Kazuo Yano of Hitachi and David Rejeski of the Environmental Law Institute discuss the applications and challenges of general-purpose artificial intelligence. | Andrea Korte/AAAS
Artificial intelligence can boost business productivity and profitability — as well as find ways to foster human happiness, according to the director of Hitachi’s artificial intelligence laboratory.
Interest in AI traditionally has centered on purpose-built technology crafted for a particular reason, such as Google’s AI program that last year beat a champion player at the Chinese strategy game Go, said Kazuo Yano during a 14 December presentation at AAAS headquarters.
The address was part of the Hitachi lecture series, which has brought speakers to AAAS for nearly a decade to examine a wide range of issues related to science and society.
Yano, who serves as Hitachi’s chief corporate scientist, noted that AI increasingly is being used to address the needs of business. To cope with changing variables like customer behavior and marketplace position, businesses now can take advantage of the flexibility offered by “general-purpose AI,” which can be added to existing systems, he said.
For business owners trying to increase store sales “every day is new,” Yano added.

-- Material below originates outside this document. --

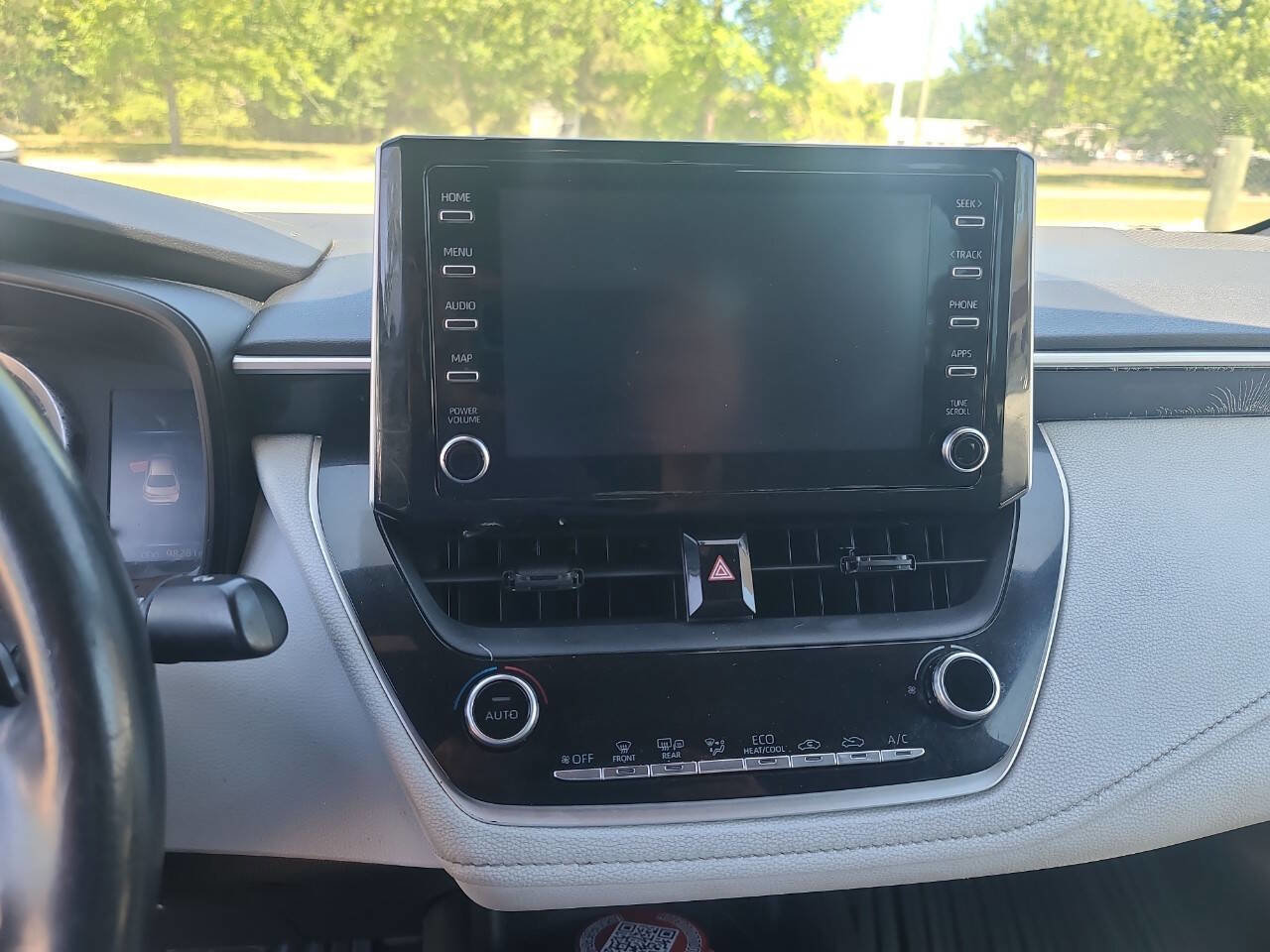 Used 2020 Toyota Corolla SE FWD image 15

For such business applications, humans define the parameters and the desired outcome, Yano said, and the AI component then establishes hypotheses and takes actions based on live data streams, quickly adapting to changing factors like supply and demand and learns along the way. Unlike conventional software, general-purpose AI relies on varying logic that adapts to specific needs.
“This endless, tireless pursuit of the outcome of learning gets results,” Yano said.
Yet general-purpose AI’s very agility – which allows it to be used in any number of circumstances – raises questions about how it might be received and regulated.
As the use of AI by business becomes more common, it is never too soon to proactively consider and seek to address the policy implications the technology raises such as concerns about privacy and human job displacement, said David Rejeski, a director at the Environmental Law Institute, who served as a discussant responding to Yano’s lecture.
Yano noted, however, that people are the ones who determine and establish the objective AI is intended to target, said Yano, who has also written extensively on how AI can quantify and improve human happiness.
Yano, who has used activity trackers to record his own movements for nearly a decade, has found that self-reported happiness correlates very strongly with diverse physical motion – that is, people who start and stop movements, however small, at irregular intervals report greater happiness than those who spend long, regular periods of time either moving or at rest.
If we can quantify happiness, Yano said, we can also use general-purpose AI to help us better achieve it.
Hitachi’s own general-purpose AI system, known as H, has been used to assist in a number of different situations in a diverse range of industries like transportation, e-commerce and stock trading, Yano said.
“It can solve a very wide range of problems,” Yano said.
For example, H was added to a retail store’s point-of-sale system in order to improve sales numbers. The store incorporated the professional advice of retail specialists, who suggested putting advertisements at key locations throughout the store, Yano said.
Analyzing the data and coming up with its own hypotheses, the computer generated an alternative solution: employees should stay in one place longer. The proposal was put into practice and the AI-derived solution improved sales by 15 percent compared to the retail specialists’ solution that led to flat sales, Yano said.
This type of general-purpose AI will permit what Yano called a “total digital cycle,” as AI begins to take on not just the automation of tasks but the learning required to improve how tasks are carried out.